The Cockscomb Basin Wildlife Sanctuary and Jaguar Preserve
This tropical forest is home to the world’s first jaguar preserve. Follow the trail a kilometer into the tropical forest, and you’ll be rewarded with the Tiger Fern waterfall. While seeing a jaguar is unlikely (they’re masters of watching others while hiding themselves), you’ll see evidence of them. As you hike, keep an eye out for their tracks. But it’s not jut jaguars that make Cockscomb Basin worth visiting.

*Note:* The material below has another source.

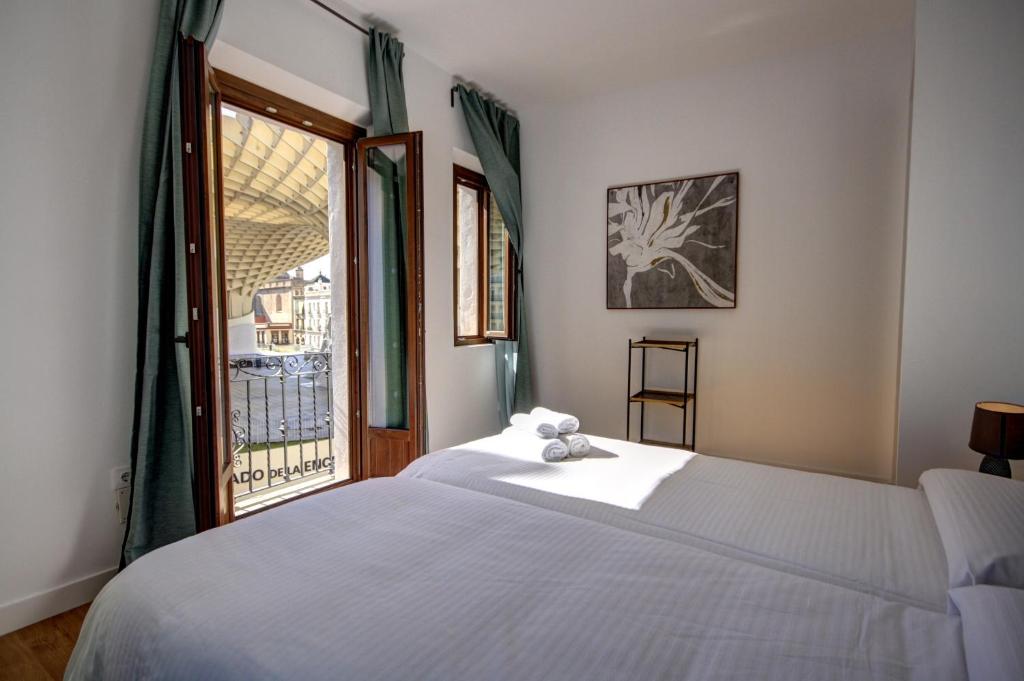 Apartamentos Setas Center — Hotel in Seville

Other mammals, including puma, otters, and coatimundi; and birds, including macaw, keelbilled toucan, and the great curassow, all make their home here.
Take a kayak or canoe down the Swasey branch of the Monkey River, or go on guided boat tour. Stop along the way to hike through the rainforest, enjoying cedar, mangrove, and mahogany. All along the river are troops of black howler monkeys. You may also see crocodiles, herons, Hawksbill turtles, and armadillos, among other animals.
Thousand Foot or Hidden Valley Falls
Deep inside the Mountain Pine Ridge Forest you’ll find Hidden Valley Falls, more commonly known as the Thousand Foot Falls. While there’s a little dispute about how tall this massive waterfall is, everyone agrees 1,000 feet sells it short. It’s said to be the tallest waterfall in Central America. The roads in are dotted with orange groves and orchids. The best vantage points take committed hiking, but there is a view point that will give you a view of the falls from quite a distance.